Kola hopped off Ugo and slid into the driver’s seat. The voice pouring out of the speakers definitely belonged to his grandmother. He could almost hear her mischievous eyes twinkle.
“You should probably leave. I need to get home.”
A large red firework exploded in the black sky of the windshield, showering rubies. Ugo rose from the backseat and placed a kiss on Kola’s freshly shaved head.
“Okay. You know you’re safe when you’re with me…we’re each other’s safe.” He flashed his lopsided smile and vanished into the cold harmattan night screaming a “Later!!” behind his back.

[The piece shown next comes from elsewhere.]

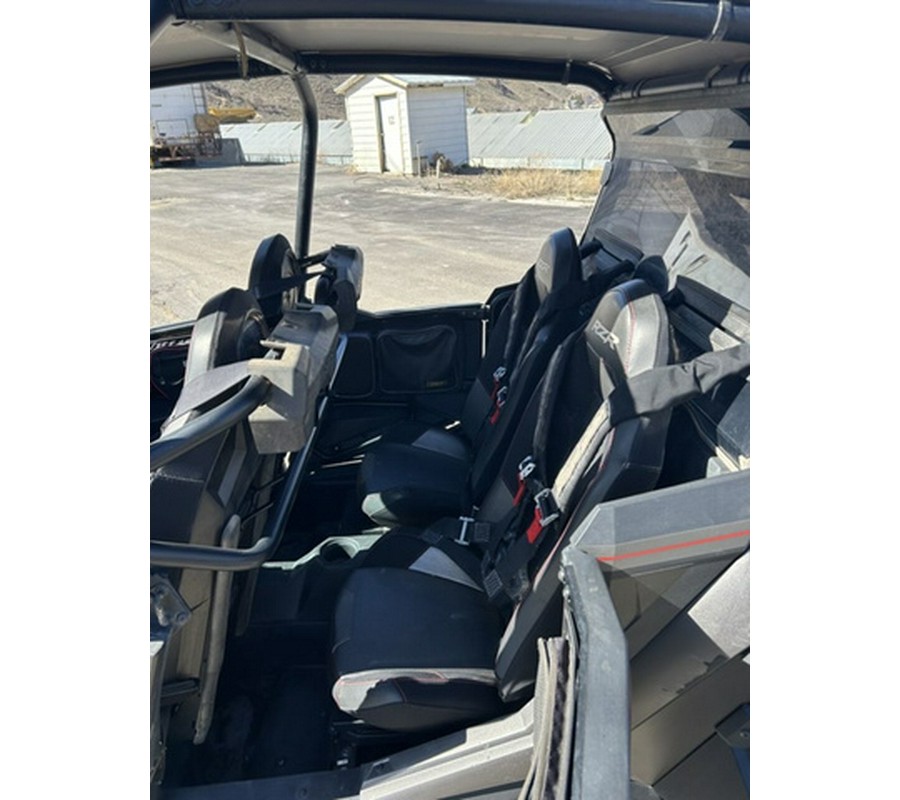 2019 Polaris RZR XP 4 Turbo S Velocity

“Grandma, I thought you were dead. In fact, I am sure you are dead. I cried at your burial.”
Death is a mere rite of passage for us Keresimesis. We remain alive and intangible where prayers fill the sky. Explanations can wait. You need to get home quick, now, step on the gas!
Kola drove out of the deserted close and a few turns within the estate later, he was parked across from their tiny house.
In the air above it, angels circled.
Or Mr. and Mrs. Keresimesi, who two days earlier, after realizing that Mrs. Keresimesi’s new lack of a job had basically cancelled Christmas, knelt in white gowns at midnight and called out to the dead elder Keresimesis to send spirits of cheer. The chocolate, cream and cherry layer cake they had left in the center of the chalk circle had vanished in the morning.
“Do you think we did the thing right?”
“The cake vanished right? I think we did. The children must be terrified though. Remember the last time, when Bolaji was just a baby and your parents did it? Those things just flew around without courtesy or acknowledgement”
“They’re spirits of cheer. I doubt they need any.”
The car turned and they saw the white shrouds circling the house at the end of the drive.
“Drive faster, Kunle. The doors need to be open and everyone should be in bed.”
“Well, they aren’t open, and I don’t think anyone of our children is in bed, but they’re still here. I think we’ll be fine.”
The Keresimesis drove into their car-wide yard and opened the doors. The spirits of cheer swarmed into the house. They delivered actual gifts to replace the rock-filled boxes beneath the Christmas tree, and filled the refrigerator with condiments to enrich the pale meals Bolaji had spent the day cooking, they filled the small hallways with warmth, waves of white cloth and the sound of beating wings. They filled the hearts of their descendants with awe and gladness.
When they fled through the windows, everyone fell into a deep white sleep.
Come morning, with slate-clean minds, the children wowed at gifts and hugged their parents, who looked at each other with knowing eyes.
Odun locked herself in her room and tapped away at her Gameboy till her fingers developed cramps. Bolaji lay in bed with a pillow hugged to her chest as she smiled in her sleep, filled with dreams of blissful exile. Yinka, the second child and first son, turned Kola’s bed into a trampoline and woke him from a nightmare where his grandmother’s voice had been commentator as he and Ugo did things on the brightly-lit football field of a stadium filled to capacity.
At high noon, the best Keresimesi Christmas Yard Party of the decade began.